Clean separated materials are easier to recycle and can be sold for higher prices than materials which have been mixed up with rubbish. That is why most councils provide separate containers for recyclable materials. If old newspapers are used to catch drips from a paint pot, or to line a cat’s litter tray, they will not be suitable for recycling because they are too contaminated. Similarly mixing wet kitchen waste with other materials reduces the chance that they can be recycled.

Things such as newspapers, magazines, cardboard, metal cans, plastic bottles and glass (check what your local council collects) can either be put in the kerbside recycling collections or taken to your nearest Household Waste Recycling Centre.

The recycling process

We often say we have recycled our rubbish when in reality all we have done is put it out for the council to collect. That’s just the first stage of the process. Recycling is a multi-stage industrial process. The mixed recyclable materials collected through the kerbside recycling collection scheme, or delivered to a Household Waste Recycling Centre, are usually taken to a Materials Recycling Facility (MRF) where they are weighed, then sorted into type of material (paper, plastic etc). The sorting typically uses a mixture of mechanical and manual methods, with teams of people picking items from a moving conveyor belt. The sorted materials are then baled and transported to the appropriate reprocessing facility which, for example, might be a paper mill, a metals smelter or a glass manufacturer.

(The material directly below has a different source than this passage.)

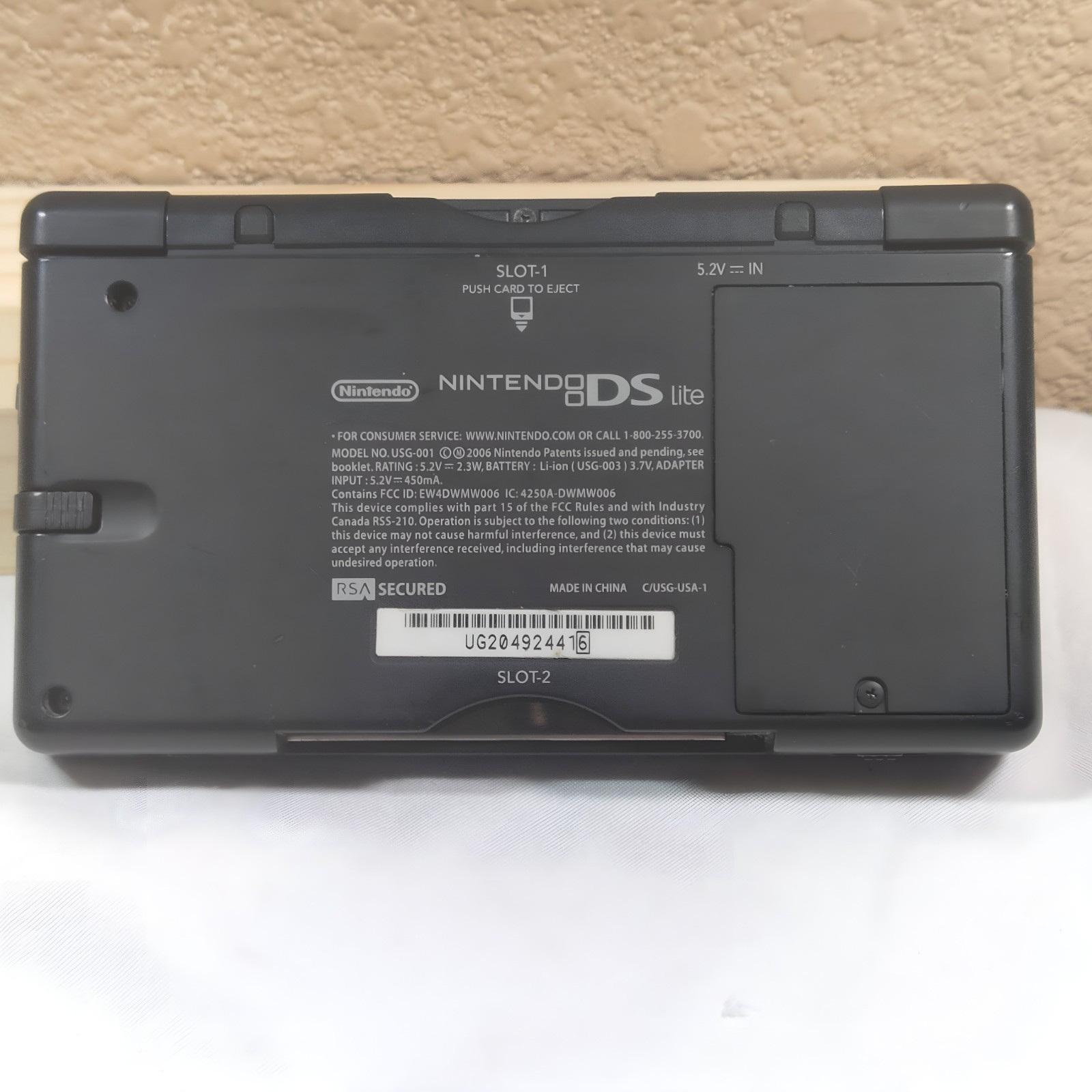 Nintendo DS Lite Cobalt Blue (DS/GBA) w/ Mario Carry Case & NEW/SEALED Game GOOD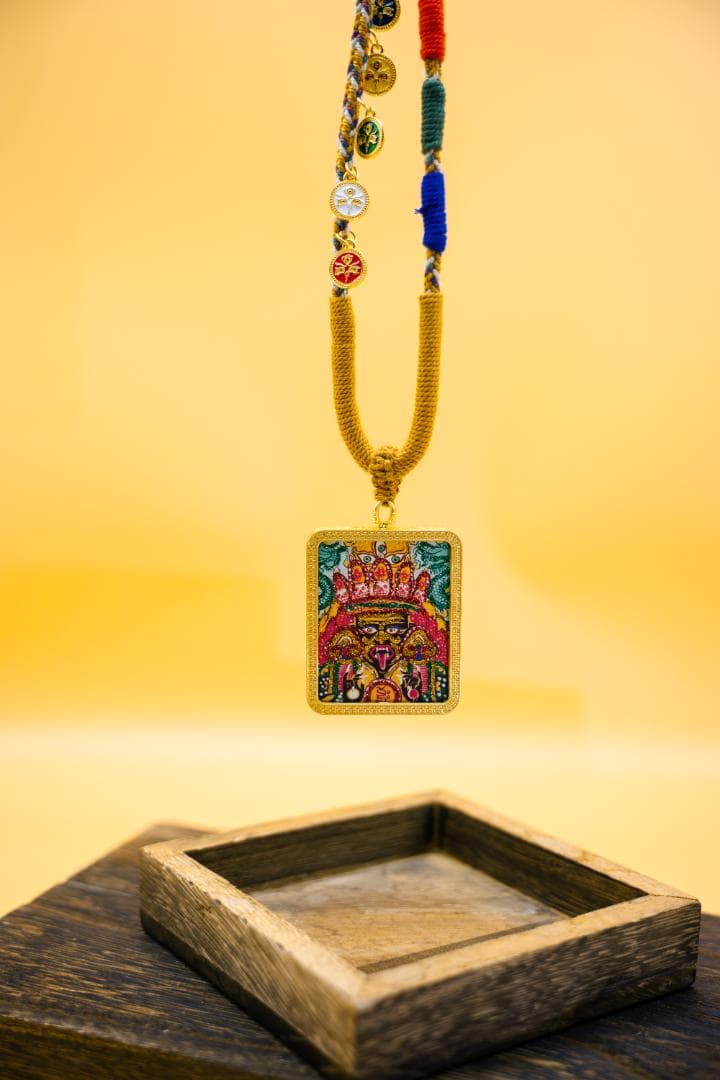 手刷りザキ・ラモ・タンカペンダント｜金メッキチタン製お守り｜チベンの女神のお守り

The reprocessing facility needs to be specially adapted to handle this ‘secondary’ material which is more variable in nature than virgin materials. It is not usually possible to handle collected secondary materials in the same manufacturing process as virgin materials, which means that using recycled material to make new goods involves additional investment in equipment.

Once the recycled material has been processed into, say, new paper or glass, and used to print newspapers or filled with drinks, it is delivered to shops where someone must buy it – only then has the recycling ‘loop’ taken place.

Why can’t we recycle 100% of household waste?

That is just not feasible because of the variable nature of our waste – as a look in your bin will show. There’s not much we can do with things like sticky meat wrappings, broken toys, old biros, stripped wallpaper and fish bones.

Achieving higher recycling needs householders to separate out all the materials which could be recycled or composted, to stop them being contaminated by other waste. Even people who are already putting out material for recycling can usually sort out more, or do so more often. If everyone separated all their metals, glass, plastic bottles, paper, cardboard and green waste we could achieve really high recycling rates – but never 100%.

Packaging and Recycling

Over 60% of all UK packaging used by households and industry is recycled. This includes sales packaging (that protects the goods we buy), secondary packaging (that groups sales packaging together) and transport packaging.

Councils provide collection schemes, through kerbside collection, banks and recycling centres for more than 85% of sales packaging.